The tentative contract offered a paltry 6.5 percent raise over three years. On average, workers earn a gross wage of about $28,000 per year, reduced after taxes to anywhere between $20,000 to $23,000 annually. Since the annual pay is for the 10 months of the school year but divided into 12 months, workers actually take home from $365 to $415 per week. 

Top pay for workers with decades of seniority reaches only about $38,000 per year. For all workers, skyrocketing insurance premiums have steadily reduced take-home pay. The increases are due to increased violence in the schools and disability claims from workers either injured in attacks or from the onerous duties associated with some assignments. One striker, showing her pay slips to reporters, demonstrated a 19 percent hike in long-term disability deductions just over the past year.

From the outset of the process to attain a new contract, the bureaucrats in CUPE Nova Scotia have worked happily with the right-wing provincial Conservative government to maintain the poverty wages of the education workers and foist on them yet another miserable contract. Their shameless collaboration with the school and governmental authorities to push through the tentative contracts across the province has met resistance on the part of the Halifax workers. 

Last November, leaders from CUPE and other major Canadian unions shut down a powerful strike by 55,000 Ontario education support workers in defiance of a draconian antistrike law that was galvanizing mass working-class support and threatening to precipitate a general strike against the province’s hated Doug Ford-led Progressive Conservative government. The strike was ended behind the backs of the support staff and without their winning a single one of their demands.

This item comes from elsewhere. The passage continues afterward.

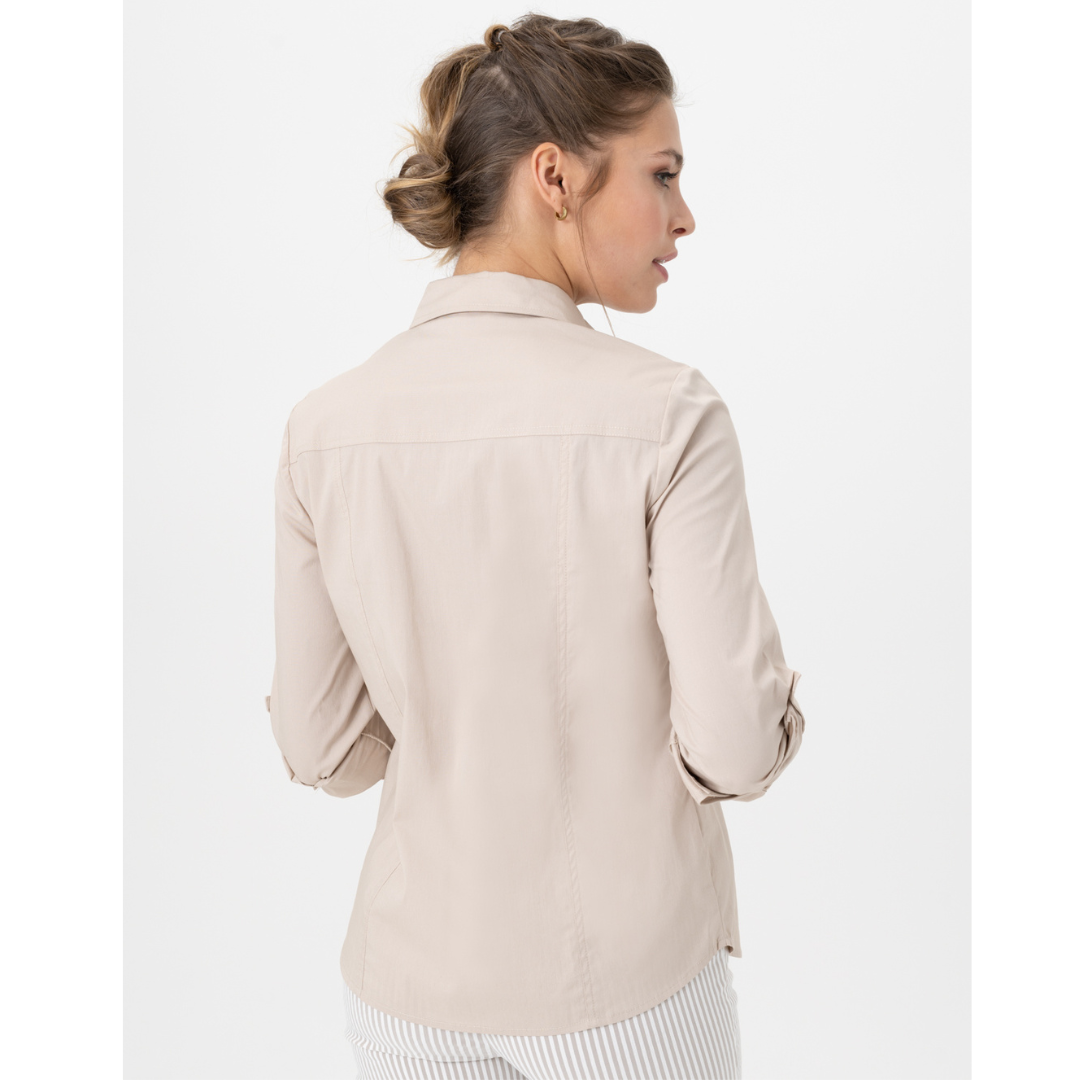 Jaboli Boutique - Fergus Ontario - Renuar - Cashew Blouse. Forever in Style Cotton Blend Button Front Blouse Colours Cashew, Lavender, Tab Up Sleeve, Stretchy, Use as Jacket or Shirt Great to Layer (Not Pictured In Lavender Colour)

To advance their struggle for decent living standards, school support workers must wrest the leadership of their struggle from the hands of the labour bureaucrats who are “happy” to recommend and push through poverty contracts. This requires that workers establish rank-and-file strike committees in every workplace, organizationally and politically independent of the union apparatus. Through these committees, workers should advance a series of non-negotiable demands, including wage increases to outstrip inflation, and appeal to other sections of workers to unify their struggles for decent-paying, secure jobs for all in opposition to the ruling elite’s agenda of capitalist austerity.